Ortigoza also recommends taking IaC a step -- or a leap -- further, and to adopt an everything-as-code approach to the entire IT ecosystem, which he says includes things like policy, and even documentation. When documentation is recorded and stored in a variety of places, such as a configuration management database and a Google doc -- or, worse, locally on someone's computer -- it's very easy to lose track of information. It's also easy for documentation to begin to create trees with different people updating different information at different times. All of that information should be codified and stored as close to its subject matter as possible; this eases the process to update documentation when the code itself is updated, because there's no need to hunt it down.
Advice for DevOps newbies
"One of the main things that DevOps tries strive to solve is … cross-functional teams," Ortigoza said.
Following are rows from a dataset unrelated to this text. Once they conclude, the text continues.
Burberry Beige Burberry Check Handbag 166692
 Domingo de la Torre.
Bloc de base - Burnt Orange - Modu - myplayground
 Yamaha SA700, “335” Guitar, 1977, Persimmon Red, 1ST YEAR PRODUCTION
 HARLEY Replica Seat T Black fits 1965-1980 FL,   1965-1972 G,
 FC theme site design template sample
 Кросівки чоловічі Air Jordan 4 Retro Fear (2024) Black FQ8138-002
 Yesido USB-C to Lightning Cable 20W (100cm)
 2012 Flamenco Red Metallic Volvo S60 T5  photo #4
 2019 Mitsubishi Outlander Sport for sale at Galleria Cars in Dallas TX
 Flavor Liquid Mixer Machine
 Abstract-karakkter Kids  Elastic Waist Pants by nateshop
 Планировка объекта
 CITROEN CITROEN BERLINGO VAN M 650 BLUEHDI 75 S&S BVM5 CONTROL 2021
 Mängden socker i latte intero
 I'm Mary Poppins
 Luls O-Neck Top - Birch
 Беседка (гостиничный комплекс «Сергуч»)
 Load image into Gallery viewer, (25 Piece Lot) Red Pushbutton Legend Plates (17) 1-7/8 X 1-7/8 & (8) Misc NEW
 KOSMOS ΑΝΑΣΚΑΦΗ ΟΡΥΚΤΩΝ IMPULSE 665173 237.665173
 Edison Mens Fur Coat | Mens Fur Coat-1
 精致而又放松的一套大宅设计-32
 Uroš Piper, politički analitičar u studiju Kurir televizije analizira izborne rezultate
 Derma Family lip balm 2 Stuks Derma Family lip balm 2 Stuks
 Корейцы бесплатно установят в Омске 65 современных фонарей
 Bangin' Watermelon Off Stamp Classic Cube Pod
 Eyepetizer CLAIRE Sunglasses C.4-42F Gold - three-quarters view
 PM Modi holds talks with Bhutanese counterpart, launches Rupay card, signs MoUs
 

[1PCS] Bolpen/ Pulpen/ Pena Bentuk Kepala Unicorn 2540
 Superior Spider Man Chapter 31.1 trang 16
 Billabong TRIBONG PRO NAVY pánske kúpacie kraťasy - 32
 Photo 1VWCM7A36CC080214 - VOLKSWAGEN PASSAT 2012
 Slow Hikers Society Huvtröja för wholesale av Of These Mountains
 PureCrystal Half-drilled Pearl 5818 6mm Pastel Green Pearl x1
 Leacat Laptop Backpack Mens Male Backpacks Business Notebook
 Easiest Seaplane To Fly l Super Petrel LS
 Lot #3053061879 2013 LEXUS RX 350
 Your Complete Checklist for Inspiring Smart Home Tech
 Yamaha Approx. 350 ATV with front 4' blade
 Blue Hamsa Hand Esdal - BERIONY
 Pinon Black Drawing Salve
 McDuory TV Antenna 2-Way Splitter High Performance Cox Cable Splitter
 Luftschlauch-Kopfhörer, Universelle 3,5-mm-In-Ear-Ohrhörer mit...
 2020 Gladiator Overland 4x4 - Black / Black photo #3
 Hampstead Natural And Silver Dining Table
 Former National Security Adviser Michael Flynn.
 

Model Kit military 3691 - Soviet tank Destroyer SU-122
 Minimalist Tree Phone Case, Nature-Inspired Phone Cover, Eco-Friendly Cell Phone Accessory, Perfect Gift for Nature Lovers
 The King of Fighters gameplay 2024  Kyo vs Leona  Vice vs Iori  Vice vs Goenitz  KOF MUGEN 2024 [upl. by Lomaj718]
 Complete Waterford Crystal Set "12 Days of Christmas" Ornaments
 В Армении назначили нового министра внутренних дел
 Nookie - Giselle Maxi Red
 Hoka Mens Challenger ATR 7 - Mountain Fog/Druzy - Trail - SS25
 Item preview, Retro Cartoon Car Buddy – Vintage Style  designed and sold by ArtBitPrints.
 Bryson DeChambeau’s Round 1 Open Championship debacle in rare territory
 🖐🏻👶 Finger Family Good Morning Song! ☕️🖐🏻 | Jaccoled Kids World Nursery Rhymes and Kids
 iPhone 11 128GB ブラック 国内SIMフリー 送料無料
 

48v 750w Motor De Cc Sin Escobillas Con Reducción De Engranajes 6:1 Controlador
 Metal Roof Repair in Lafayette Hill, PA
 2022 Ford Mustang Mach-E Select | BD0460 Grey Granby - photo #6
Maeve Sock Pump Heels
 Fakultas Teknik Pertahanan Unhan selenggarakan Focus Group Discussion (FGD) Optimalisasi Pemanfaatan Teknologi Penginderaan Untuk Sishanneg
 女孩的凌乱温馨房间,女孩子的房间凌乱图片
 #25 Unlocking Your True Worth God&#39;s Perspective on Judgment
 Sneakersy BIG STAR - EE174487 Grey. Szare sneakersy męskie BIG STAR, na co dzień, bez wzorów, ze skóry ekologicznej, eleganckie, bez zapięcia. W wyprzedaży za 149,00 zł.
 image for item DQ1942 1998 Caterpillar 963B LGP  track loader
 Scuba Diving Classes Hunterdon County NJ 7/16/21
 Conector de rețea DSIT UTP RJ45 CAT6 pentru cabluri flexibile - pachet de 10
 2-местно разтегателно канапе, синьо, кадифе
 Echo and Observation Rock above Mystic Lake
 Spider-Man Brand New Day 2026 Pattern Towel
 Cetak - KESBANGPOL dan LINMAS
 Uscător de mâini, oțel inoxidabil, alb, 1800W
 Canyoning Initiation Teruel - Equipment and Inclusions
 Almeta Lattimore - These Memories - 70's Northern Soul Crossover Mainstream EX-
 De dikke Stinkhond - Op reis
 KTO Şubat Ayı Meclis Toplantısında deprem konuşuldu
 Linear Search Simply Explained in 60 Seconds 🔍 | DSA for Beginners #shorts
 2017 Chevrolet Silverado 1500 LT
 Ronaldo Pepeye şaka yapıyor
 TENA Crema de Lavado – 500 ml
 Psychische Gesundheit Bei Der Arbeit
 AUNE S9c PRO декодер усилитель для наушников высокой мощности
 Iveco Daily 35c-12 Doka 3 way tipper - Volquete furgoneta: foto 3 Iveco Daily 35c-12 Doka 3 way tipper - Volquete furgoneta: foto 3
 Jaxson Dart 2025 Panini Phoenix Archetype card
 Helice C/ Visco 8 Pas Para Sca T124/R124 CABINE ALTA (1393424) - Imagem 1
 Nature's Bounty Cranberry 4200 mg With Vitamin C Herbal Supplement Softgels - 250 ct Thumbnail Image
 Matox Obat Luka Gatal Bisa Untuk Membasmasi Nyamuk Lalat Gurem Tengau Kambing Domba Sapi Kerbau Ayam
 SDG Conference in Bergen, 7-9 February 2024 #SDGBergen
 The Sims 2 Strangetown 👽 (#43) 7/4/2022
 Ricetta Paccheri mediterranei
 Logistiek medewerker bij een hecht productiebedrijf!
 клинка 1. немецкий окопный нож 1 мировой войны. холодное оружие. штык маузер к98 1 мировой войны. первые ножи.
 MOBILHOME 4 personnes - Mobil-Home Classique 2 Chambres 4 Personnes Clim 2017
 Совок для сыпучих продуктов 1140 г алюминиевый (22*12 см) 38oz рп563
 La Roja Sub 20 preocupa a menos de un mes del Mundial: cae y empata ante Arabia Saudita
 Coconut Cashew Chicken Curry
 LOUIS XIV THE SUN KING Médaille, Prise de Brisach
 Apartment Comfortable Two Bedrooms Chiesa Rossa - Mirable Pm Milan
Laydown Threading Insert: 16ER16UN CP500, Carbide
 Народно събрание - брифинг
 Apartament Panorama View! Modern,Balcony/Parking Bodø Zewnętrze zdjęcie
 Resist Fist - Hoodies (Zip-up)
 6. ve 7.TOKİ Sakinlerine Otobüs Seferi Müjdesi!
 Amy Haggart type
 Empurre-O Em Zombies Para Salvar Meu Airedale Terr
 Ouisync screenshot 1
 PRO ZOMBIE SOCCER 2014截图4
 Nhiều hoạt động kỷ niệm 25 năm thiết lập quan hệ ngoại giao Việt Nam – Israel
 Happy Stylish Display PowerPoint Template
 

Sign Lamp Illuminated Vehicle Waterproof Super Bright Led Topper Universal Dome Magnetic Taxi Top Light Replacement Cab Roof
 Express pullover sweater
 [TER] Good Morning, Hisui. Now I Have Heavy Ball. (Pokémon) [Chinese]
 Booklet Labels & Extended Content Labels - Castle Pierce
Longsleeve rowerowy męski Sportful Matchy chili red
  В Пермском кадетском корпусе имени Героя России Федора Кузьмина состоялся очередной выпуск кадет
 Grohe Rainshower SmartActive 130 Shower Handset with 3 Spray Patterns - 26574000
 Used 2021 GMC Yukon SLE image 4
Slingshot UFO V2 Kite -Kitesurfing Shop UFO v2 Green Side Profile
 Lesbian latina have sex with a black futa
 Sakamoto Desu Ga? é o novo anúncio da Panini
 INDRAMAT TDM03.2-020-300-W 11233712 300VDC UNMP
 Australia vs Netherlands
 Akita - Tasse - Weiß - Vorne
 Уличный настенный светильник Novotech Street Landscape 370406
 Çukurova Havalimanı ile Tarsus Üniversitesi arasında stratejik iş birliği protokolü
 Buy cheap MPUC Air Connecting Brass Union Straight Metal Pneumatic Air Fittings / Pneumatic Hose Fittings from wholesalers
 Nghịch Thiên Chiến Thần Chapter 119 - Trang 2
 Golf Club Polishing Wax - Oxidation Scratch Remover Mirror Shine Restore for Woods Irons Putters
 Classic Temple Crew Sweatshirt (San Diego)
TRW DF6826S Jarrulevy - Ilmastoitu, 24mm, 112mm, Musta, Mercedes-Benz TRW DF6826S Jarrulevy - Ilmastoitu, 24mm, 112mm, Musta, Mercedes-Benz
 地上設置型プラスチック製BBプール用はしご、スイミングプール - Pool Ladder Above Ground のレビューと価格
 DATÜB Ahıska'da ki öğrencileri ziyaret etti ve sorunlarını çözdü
Because while cross-functional teams are the ideal for DevOps, it's often difficult to arrange a tight integration of those crossovers -- and ultimately, many organizations implement DevOps silos. Even a DevOps silo is still a silo, and ultimately it harms the IT organization more than it helps. "Not having cross-functional teams will slow you down a lot because there will be many barriers, and … passing things around from one team to another team. This is very bad for feedback speed and for the communication of getting the things done."
Ortigoza's main advice is to view things holistically. "I always tell my engineers … that software is not code," he said. Software is, instead, a lot of moving parts supplied by many different teams, such as testing documentation and security, and all of those pieces are equally as important as the developers' written code.
DevOps is supposed to ease this process and interaction, he said, because its goals include that cross-functional team, and senior leadership will consist of experts who will invest in those areas. Ortigoza's advice: Listen to those experts. But remain open to dialogue; in a DevOps organization, every IT professional must approach their work with the mindset of ownership and strive for self-sufficiency where possible. Because the SRE is there to guide you, not to do your work for you.
Finally: "Do not try to solve people problems with technology," Ortigoza said.
There are countless apps and tools purported to solve all your problems, but sometimes the introduction of a new tool can exacerbate a people problem, rather than solve it. Instead of reaching for the shelf of available tools, evaluate your organization and its culture and instead find the source of the issue you want to solve. A shiny new application won't fix that for you.